Мы ехали вдвоем с шофером на грузовичке. Впереди лежала пустыня, исполосованная следами автомобильных скатов. В пыльном мареве маячили ажурные силуэты буровых вышек.
По пути нам встретились заброшенный домик и колодец. Когда-то здесь была стоянка чабанов. Потом в колодец пробился газ, и чабанам пришлось покинуть стоянку. Вода в колодце и сейчас бурлит, как в котле. Вероятно, настанет время, когда здесь поставят памятный знак. Ведь это и есть старый Газли.
На каждом участке есть свой «нуль» и свой конец — «потолок». Они отмечают отрезок трассы, где сейчас идет строительство. Но здесь был «нуль» всей двухтысячекилометровой трассы. Место это не отмечено флагами и плакатами. Просто на бровке траншеи лежала еще не спрятанная под землю труба. Путешествие от «нуля» началось. Мы ехали в глубь Кызылкума, на один из «потолков», где монтажники сваривали трубу.
Посреди пустыни появились вдруг белые домики-вагончики. Здесь работали строители третьей колонны.
— Завязнете вы, — сказал начальник колонны Владимир Иосифович Мазиашвили, задумчиво поглядывая на наш «ГАЗ-51».
— Э-э, «газон» — замечательная машина! — Шофер Кадыр Гулямов даже из кабины выскочил от возбуждения. — Всюду пройдет. Я такой человек: решили ехать — доедем.
— А как же плетевозы проходят? — спросил я Мазиашвили.
— С трудом проходят.
Я вспомнил, как уверенно шли по шоссе «КРАЗы» с «плетями».
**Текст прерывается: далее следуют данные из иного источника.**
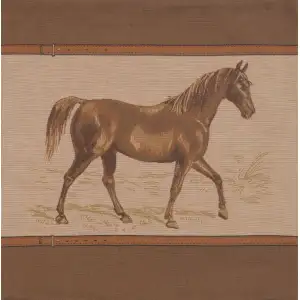 Horse Belt Tapestry Cushion Cover - 19 in. x 19 in. Cotton by Charlotte Home Furnishings Inc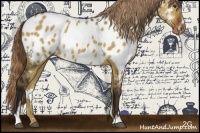 Horse Color:Liver Red Dun Sabino Appaloosa 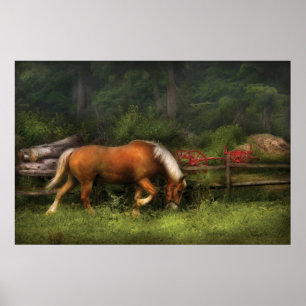 Paard - In de wei Poster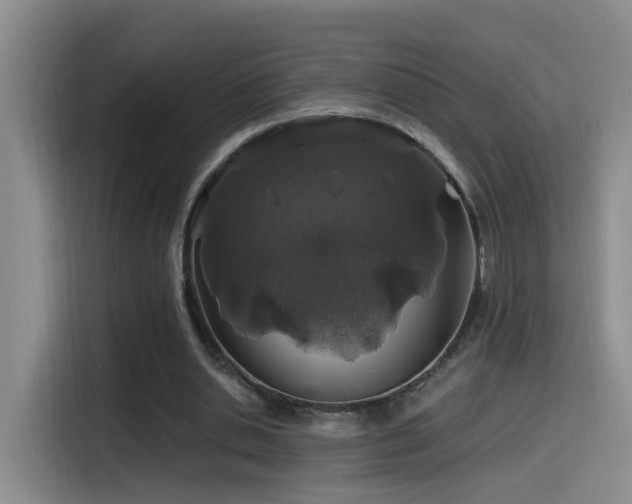 X0000115520438200911061420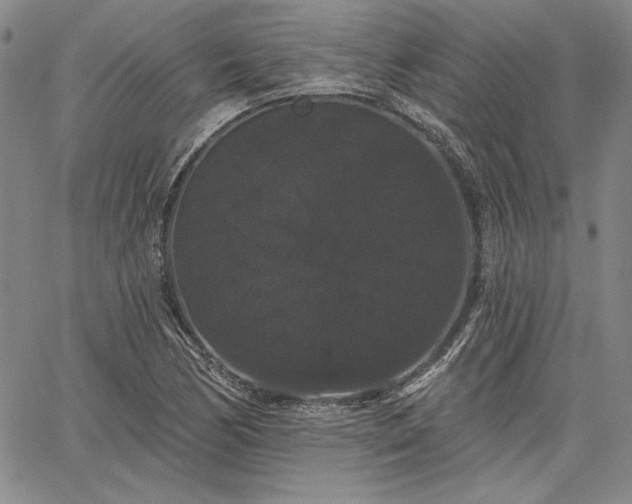 X0000064721170200602171608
— Пробьемся, — успокоил меня Кадыр, — да, кстати, увидишь, какой здесь наш шоферский труд.
...Впереди, извиваясь на подъемах как удав, чернела труба. Мы решили ехать вдоль нее по колеям машин и, как выяснилось потом, выбрали самый неудачный путь — по разбитому колесами песку.
Скрылись белые вагончики, и стало пустынно, как и положено в пустыне. На желтом песке краснела и зеленела сыпь травянистых солянок. Временами песок был совершенно голый, но чаще его покрывали пучки каких-то цепких трав. И мне все время казалось, что мы попали на другую планету — вероятно, неизбежная в наш космический век ассоциация.
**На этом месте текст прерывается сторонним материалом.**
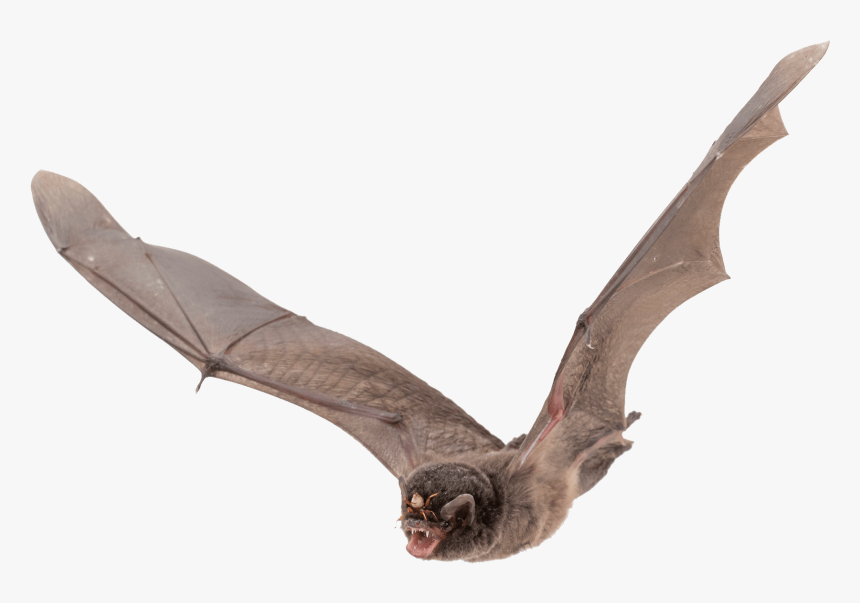 Bat Large Wings - Bat Png, Transparent Png, Free Download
Кадыр вдруг остановил машину, подобрал забытый кем-то кусок водопроводной трубы и с тревогой поглядел на дорогу. Я же не видел причин для беспокойства: до «потолка» оставалось всего двадцать пять — тридцать километров, солнце стояло почти в зените, и мы могли вернуться дотемна, как обещали начальнику промысла.
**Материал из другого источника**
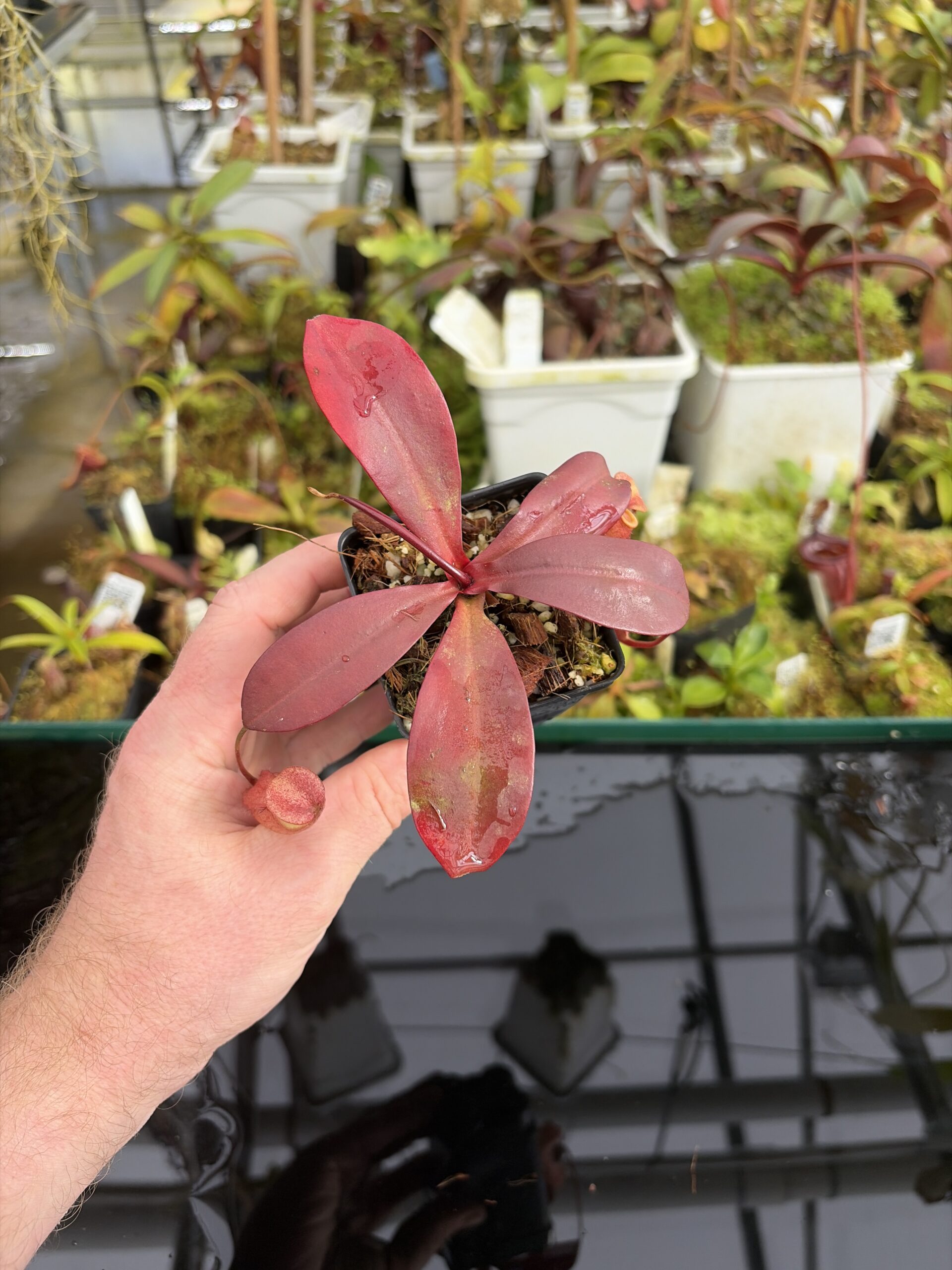 Wide Angle of Nepenthes sibuyanensis x peltata | Borneo Exotics | BE-4532 | IN27376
Потом на подъеме мы забуксовали. Бессильно ревел мотор, и крутились задние колеса, все глубже зарываясь в песок. Мы стали подкладывать под них имеющиеся у нас подручные средства: две доски и найденную водопроводную трубу. С этого все и началось. Теперь машина застревала каждые полкилометра. Мы вытаскивали из кузова трубу, доски — и все повторялось сначала. После каждой удачи Кадыр сразу приходил в отличное настроение: «Теперь уже не сядем!» Я уверился в том, что он отчаянный оптимист. Да иным, наверное, и нельзя быть в этих лесках.
Часа через три мы встали на перекур. Машина сидела в песке. Мы тоже. «И весь я в песке с головы до ног...»
Теперь Кадыр старался держаться подальше от колеи. «Бездорожье лучше, чем дорога», — повторял он, радуясь рождению афоризма. И мы ехали без дороги, как по песчаному морю. Но и бездорожье нас не спасло. Прошло еще часа два, а продвинулись мы всего километров на пятнадцать. Вокруг по-прежнему не было ни души, только слева от нас тянулась труба, сваренная людьми. На ее черном боку встречались ободряющие надписи мелом: «Вперед на Урал!»